2013年12月9日月曜日

「僕たちはいつまでこんな働き方を続けるのか?」という問いの背景を資本主義経済の構造から説明した一冊

僕たちはいつまでこんな働き方を続けるのか? (星海社新書)

「なぜ、わたしたちの働き方はこんなにもしんどいのか?」
「なぜ、社会や経済は十分豊かになったのに、働き方は豊かにならないのか?」
「どうすれば、「しんどい働き方」から抜け出せるのか?」

という問いに対する答えを、仕事術のようなテクニック的な話ではなく、資本主義経済の構造・仕組みを背景に説明しようとしている本。「資本論」と「金持ち父さん貧乏父さん」の話が下敷きになっている。

また、冒頭では「給料」に関する話がある。

「あなたは、自分がもらっている「給料の金額」に満足していますか?」
「その金額は、あなたが行っている仕事内容に対して「妥当」な額ですか?」

と聞くと、「給料が少ない!」「自分はもっともらってもいいはず」と感じる方も多いのではないかと述べられている。一方、そうした人で以下の質問にすぐに答えられる人はあまりいないでしょうとも述べられている。

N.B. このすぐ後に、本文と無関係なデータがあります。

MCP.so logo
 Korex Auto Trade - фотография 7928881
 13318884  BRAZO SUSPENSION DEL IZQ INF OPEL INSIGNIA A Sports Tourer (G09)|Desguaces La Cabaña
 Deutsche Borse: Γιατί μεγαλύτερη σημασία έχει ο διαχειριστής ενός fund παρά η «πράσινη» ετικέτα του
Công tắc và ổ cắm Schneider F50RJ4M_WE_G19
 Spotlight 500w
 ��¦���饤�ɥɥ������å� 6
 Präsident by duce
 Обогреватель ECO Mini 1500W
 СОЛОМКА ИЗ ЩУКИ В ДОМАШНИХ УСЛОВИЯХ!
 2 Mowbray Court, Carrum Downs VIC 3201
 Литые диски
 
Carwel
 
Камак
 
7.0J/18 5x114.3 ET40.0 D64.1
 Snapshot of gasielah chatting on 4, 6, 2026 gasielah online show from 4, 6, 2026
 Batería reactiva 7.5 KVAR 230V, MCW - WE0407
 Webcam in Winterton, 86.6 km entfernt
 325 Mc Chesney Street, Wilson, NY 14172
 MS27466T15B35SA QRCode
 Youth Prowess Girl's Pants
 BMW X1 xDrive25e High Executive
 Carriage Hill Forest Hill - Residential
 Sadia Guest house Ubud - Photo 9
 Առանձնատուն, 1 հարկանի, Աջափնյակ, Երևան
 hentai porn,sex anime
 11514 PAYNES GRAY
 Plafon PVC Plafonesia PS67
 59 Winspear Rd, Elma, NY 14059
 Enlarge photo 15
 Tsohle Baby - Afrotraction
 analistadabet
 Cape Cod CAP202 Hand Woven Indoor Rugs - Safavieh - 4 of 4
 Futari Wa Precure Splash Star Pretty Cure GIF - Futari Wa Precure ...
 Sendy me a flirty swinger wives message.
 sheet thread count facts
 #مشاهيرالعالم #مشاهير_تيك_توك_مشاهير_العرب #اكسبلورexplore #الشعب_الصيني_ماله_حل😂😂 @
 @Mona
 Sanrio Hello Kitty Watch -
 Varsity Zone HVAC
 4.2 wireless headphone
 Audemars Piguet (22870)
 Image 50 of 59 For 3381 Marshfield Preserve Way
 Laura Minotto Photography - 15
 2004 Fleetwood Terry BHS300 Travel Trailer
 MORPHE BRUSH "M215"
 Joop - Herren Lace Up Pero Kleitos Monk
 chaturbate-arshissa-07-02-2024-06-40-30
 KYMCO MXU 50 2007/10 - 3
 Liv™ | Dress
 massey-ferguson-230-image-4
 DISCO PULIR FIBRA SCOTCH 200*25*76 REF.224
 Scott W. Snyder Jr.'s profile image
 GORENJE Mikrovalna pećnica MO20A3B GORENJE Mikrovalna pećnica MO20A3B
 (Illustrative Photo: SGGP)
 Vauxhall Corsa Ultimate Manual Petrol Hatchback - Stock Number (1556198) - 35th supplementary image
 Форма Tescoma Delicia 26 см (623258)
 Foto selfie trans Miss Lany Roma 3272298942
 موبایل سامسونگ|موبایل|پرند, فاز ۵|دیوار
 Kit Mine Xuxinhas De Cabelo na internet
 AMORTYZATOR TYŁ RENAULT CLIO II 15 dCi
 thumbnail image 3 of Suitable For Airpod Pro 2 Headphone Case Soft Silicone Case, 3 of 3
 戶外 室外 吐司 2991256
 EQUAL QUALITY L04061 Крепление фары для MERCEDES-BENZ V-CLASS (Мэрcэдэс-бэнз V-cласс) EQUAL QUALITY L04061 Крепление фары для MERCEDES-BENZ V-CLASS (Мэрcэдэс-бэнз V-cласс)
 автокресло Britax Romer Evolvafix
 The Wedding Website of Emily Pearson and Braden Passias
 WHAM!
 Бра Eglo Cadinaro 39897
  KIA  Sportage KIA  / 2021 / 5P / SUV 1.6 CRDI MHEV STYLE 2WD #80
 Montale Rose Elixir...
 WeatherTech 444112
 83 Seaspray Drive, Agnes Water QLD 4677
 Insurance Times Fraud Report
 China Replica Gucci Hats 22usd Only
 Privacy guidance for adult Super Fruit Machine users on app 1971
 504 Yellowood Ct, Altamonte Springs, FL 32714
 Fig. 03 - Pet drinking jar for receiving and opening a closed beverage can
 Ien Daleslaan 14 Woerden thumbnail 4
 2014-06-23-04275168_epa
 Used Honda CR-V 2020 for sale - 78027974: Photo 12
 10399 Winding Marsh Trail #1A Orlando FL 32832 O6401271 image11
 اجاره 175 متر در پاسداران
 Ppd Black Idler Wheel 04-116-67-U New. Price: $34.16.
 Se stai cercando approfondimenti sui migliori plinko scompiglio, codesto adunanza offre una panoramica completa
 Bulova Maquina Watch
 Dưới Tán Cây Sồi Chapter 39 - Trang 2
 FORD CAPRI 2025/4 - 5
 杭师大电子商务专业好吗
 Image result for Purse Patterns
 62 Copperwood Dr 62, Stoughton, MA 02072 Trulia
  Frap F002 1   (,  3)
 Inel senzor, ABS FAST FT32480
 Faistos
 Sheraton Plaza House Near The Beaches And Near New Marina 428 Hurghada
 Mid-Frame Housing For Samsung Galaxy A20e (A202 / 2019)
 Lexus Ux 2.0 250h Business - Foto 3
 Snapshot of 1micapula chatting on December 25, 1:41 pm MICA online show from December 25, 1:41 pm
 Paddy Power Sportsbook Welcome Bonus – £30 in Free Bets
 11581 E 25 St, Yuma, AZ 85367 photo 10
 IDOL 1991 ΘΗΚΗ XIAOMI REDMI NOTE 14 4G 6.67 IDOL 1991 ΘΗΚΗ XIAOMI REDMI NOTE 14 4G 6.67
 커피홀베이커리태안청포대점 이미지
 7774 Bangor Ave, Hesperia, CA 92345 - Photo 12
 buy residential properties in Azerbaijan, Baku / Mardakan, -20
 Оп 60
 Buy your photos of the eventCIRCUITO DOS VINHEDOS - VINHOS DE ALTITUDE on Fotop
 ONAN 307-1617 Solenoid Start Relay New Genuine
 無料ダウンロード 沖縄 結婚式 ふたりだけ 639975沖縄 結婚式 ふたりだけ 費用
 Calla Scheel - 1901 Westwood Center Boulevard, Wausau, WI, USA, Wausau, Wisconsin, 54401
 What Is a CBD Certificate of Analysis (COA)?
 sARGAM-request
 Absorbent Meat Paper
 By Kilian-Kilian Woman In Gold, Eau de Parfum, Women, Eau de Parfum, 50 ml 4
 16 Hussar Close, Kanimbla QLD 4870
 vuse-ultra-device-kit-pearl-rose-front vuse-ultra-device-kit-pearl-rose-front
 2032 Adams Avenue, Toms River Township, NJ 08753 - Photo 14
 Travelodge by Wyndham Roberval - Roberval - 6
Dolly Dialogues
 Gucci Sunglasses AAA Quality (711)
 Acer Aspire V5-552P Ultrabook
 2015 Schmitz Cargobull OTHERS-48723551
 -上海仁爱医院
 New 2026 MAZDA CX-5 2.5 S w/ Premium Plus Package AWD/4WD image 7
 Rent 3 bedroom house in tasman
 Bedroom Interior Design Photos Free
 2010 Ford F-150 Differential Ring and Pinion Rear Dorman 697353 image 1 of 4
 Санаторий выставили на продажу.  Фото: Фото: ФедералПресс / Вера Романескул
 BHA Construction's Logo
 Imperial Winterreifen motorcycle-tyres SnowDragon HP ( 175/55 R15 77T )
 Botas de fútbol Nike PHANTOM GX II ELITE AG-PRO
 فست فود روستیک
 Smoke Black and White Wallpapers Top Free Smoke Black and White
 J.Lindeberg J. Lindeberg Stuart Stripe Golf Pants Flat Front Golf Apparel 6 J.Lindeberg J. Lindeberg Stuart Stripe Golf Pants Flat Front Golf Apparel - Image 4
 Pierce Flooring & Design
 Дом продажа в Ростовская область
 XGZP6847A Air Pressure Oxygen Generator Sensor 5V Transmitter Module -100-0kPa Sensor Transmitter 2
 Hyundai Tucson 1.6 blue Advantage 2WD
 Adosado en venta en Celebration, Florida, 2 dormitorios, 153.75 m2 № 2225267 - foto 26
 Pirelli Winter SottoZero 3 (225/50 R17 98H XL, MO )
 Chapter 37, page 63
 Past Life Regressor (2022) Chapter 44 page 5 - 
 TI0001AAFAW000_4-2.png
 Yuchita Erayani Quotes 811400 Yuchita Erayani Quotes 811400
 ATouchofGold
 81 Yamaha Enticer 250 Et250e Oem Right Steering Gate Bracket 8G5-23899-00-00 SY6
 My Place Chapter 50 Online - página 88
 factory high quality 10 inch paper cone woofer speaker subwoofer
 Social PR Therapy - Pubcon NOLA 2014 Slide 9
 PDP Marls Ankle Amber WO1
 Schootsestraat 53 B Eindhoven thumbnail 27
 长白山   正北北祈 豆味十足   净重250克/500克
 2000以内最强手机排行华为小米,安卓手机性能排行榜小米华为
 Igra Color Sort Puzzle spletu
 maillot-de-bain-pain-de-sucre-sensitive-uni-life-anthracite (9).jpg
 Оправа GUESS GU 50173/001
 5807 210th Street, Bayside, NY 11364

「あなたは、自分の「給料の金額」がどうやって決まっているのか、ご存知ですか?」
「給与明細を見て、なぜその金額をもらっているのか、「論理的に説明」できますか?」
「「もっともらってもいいはず」と感じる方は、では論理的にいくらが「正しい金額」だと思いますか?」

こうした問いかけをしながら、そもそも「給料」はどう決まっているのかという話が展開される。本書での答えは「必要経費方式」。要するに、生活に必要な分のお金を給料としてもらう。

これとは別の「利益分け前方式」の会社もあってそうした会社では稼いだ分に連動してもらえるお金が決まってくるけど、多くの会社の場合は必要経費方式で「どんなに努力して会社に利益をもたらしても、基本的に給料は変わらない」(p29)

もちろん、昨今の成果主義の話とかは触れられていて、そうしたところで多少のプラスアルファの変動はあるものの、ここで扱われているのはベースの考え方がどうなっているかという話。個人事業主や経営者ならまた別かもしれんけど、会社員についてはそういう考え方ということ。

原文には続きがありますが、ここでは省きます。